Memcached Configuration

Memcached can lose data if it runs out of memory. A few configuration options can help prevent this.

Specify the ‘-M’ option. This tells memcached to return a failure if there is not any storage available rather than evicting some other item from the cache. That particular poll result will still be lost but the failure lets Esmond log the event.

Use the ‘-m 1024’ or similar to give it plenty of RAM.

Use the ‘espersistq’ utility or monitor memcached directly to make sure you have enough persist processes to handle the load. If the backlog is growing add more processes by adjusting the ‘cassandra = CassandraPollPersister:4’ line in esmond.conf.

Finally, check for log entries stating “Memcache ‘set’ failed! Polling data lost!”

Initial Cassandra Tuning

The main thing is to tune the Java heap size and newgen memory. The rule of thumb on this is for a system with more than 4G memory, allocate 1/4 the system memory but with a cap of 8G. Then set the newgen memory at 25-30% of that.

Setting the key cache to around 512M should be more than enough cache for the keys. The timeseries rows are not great candidates for row caching.

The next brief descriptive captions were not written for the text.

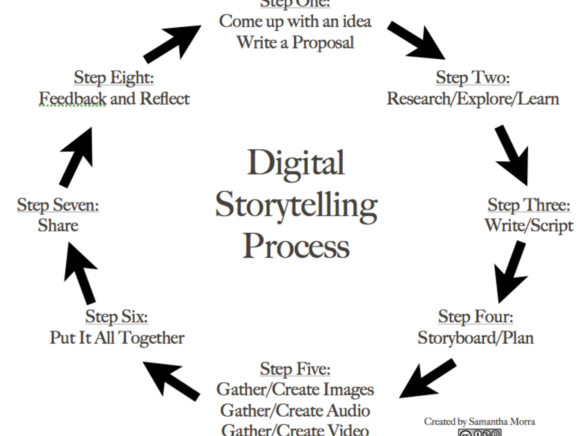 digital storytelling assignments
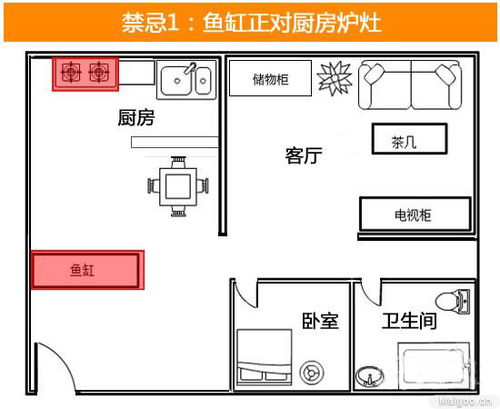 住宅开店风水禁忌,住宅风水禁忌大全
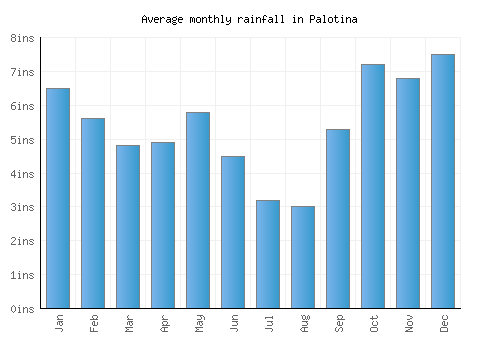 Palotina monthly rainfall chart (inches)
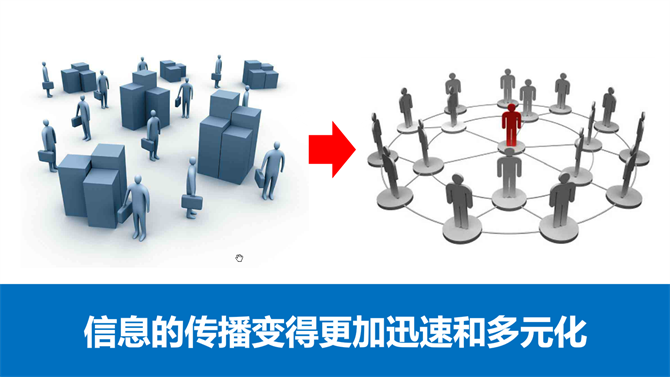 麥田培訓(xùn)學(xué)校管理軟件細(xì)節(jié)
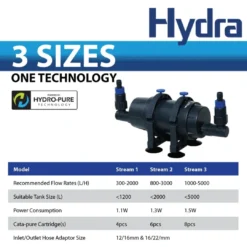 Best HYDRA Stream 1 filter Pumper Til Saltvandsakvarier|Akvariefilter Og Pumpe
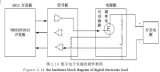 DSP的电子负载中硬件和软件功能的分配和协调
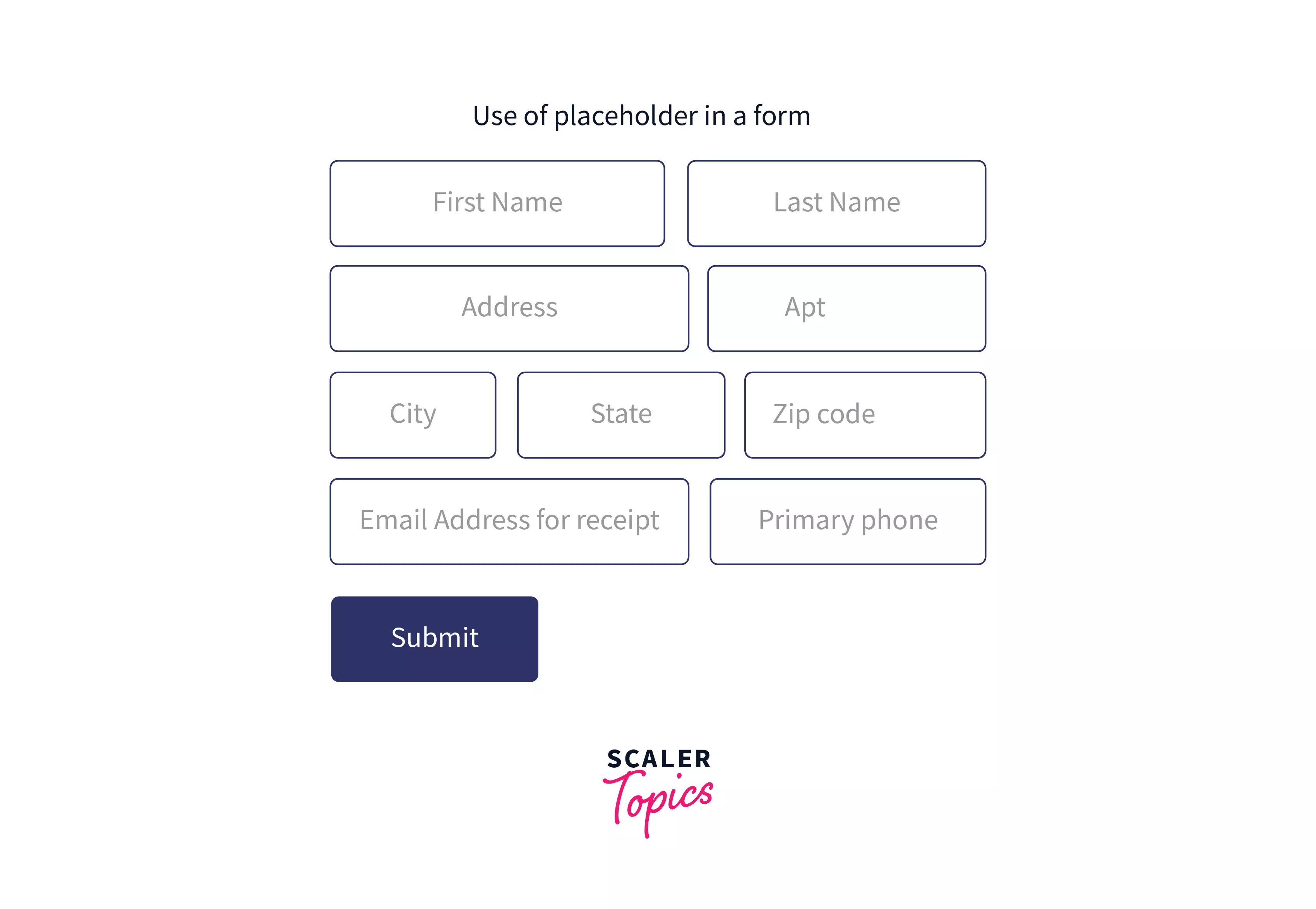 placeholder-in-css-scaler-topics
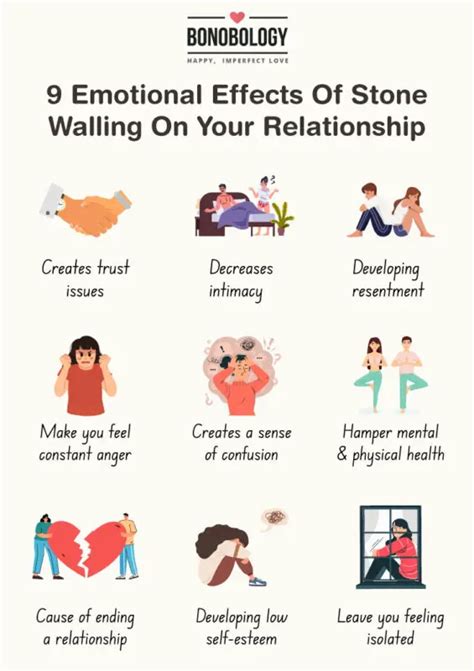 9 Emotional Effects Of Stonewalling On Your Relationship Bonobology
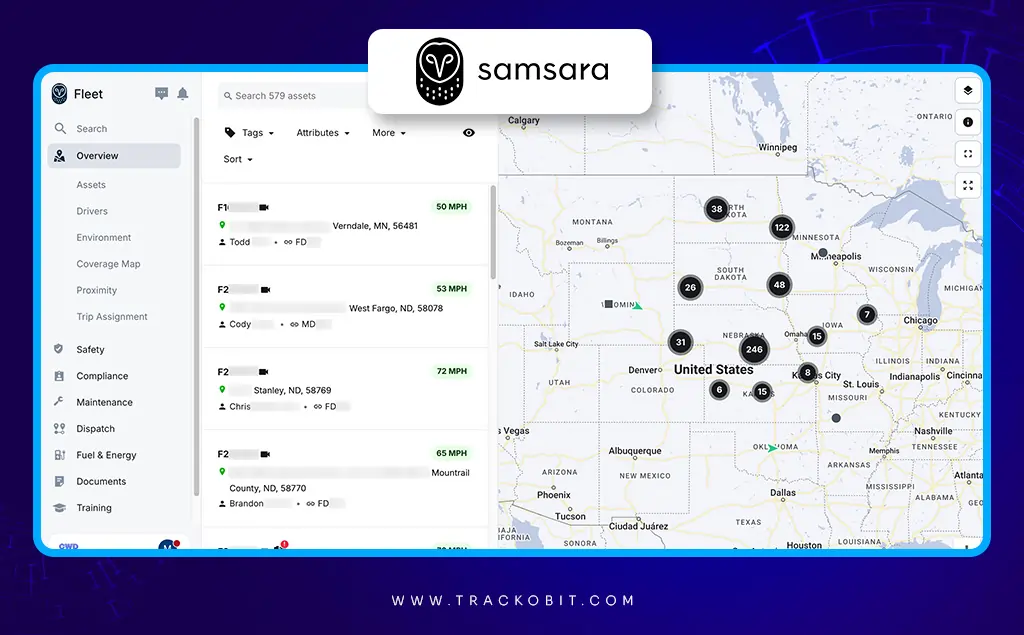 Samsara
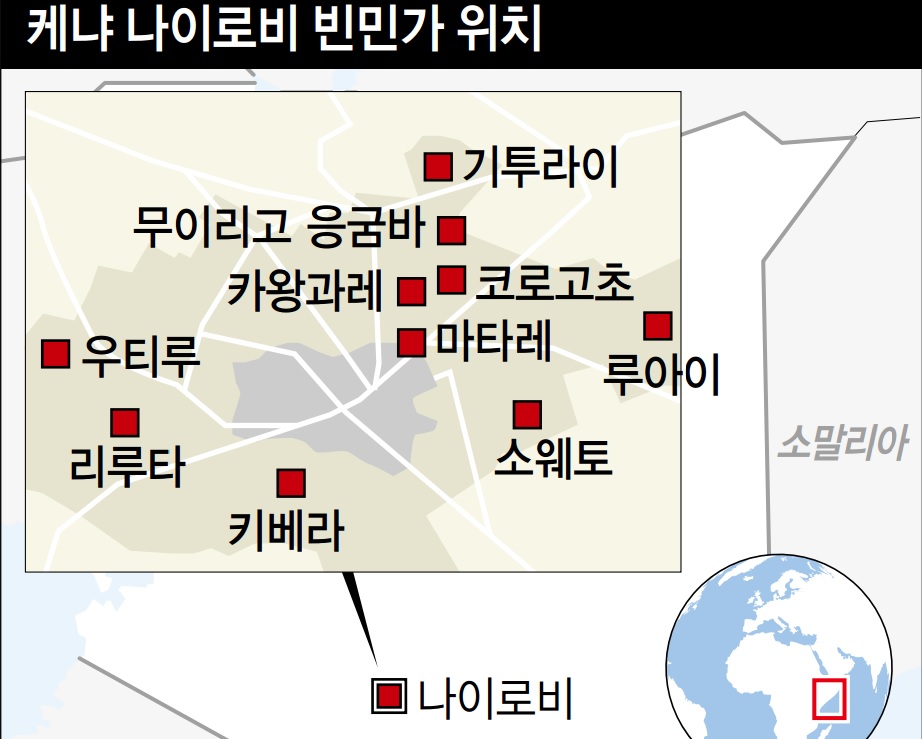 케냐 나이로비 빈민가 위치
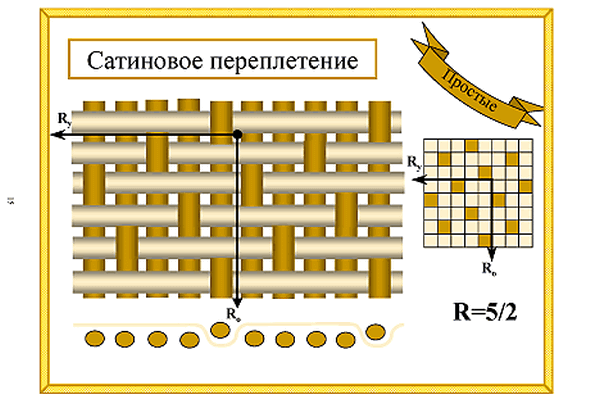 особенности сатинового плетения нитей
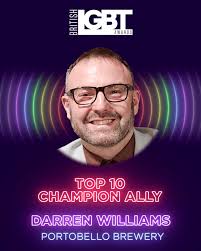 Top 10 Champion Ally 2025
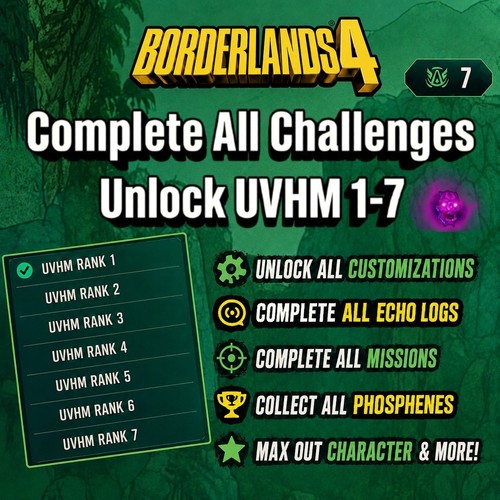 Borderlands 100 - 💎, 100%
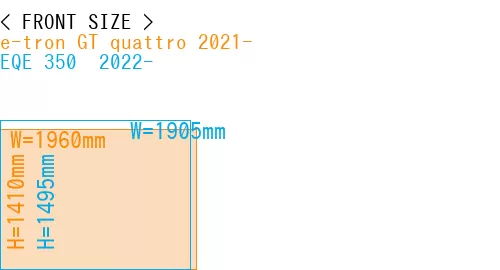 #e-tron GT quattro 2021- + EQE 350+ 2022-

Changes to the cassandra_replicas factor will not automatically be reflected in the Cassandra database. The setting is only used when the ‘esmond’ keyspace is first created. If the number of replicas needs to be changed later it should be done directly in Cassandra with the ALTER KEYSPACE command. See http://www.datastax.com/documentation/cql/3.0/cql/cql_using/update_ks_rf_t.html for more information.

If you ever delete rows from Cassandra it may be necessary to increase the value of tombstone_failure_threshold in the cassandra.yaml file. One full year of 30 second samples is just over 1 million values so deleting an entire row will leave behind enough tombstones to prevent any queries for that row key from working unless the threshold is increased. Note that these failures will normally show up as timeouts to the client (as of 2.0.7 at least) which can be misleading. The true cause of the failure does show up if the query is run with tracing enabled.

More info: http://www.datastax.com/docs/1.1/operations/tuning

Cassandra monitoring hooks

The MX4J plugin can be used to get information about the state/health of a Cassandra server. This gives a pointer to the java source and instructions how to install:

http://wiki.apache.org/cassandra/Operations#Monitoring_with_MX4J

It exposes an http interface that can be used to query JMX variables from cassandra and the OS as outlined here:

http://www.tomas.cat/blog/en/monitoring-cassandra-relevant-data-should-be-watched-and-how-send-it-graphite

The script util/query_jmx.py imports a client library from esmond.api.client that can query one of these MX4J endpoints for a variety of information. There is a nagios wrapper for that client in util/nagios.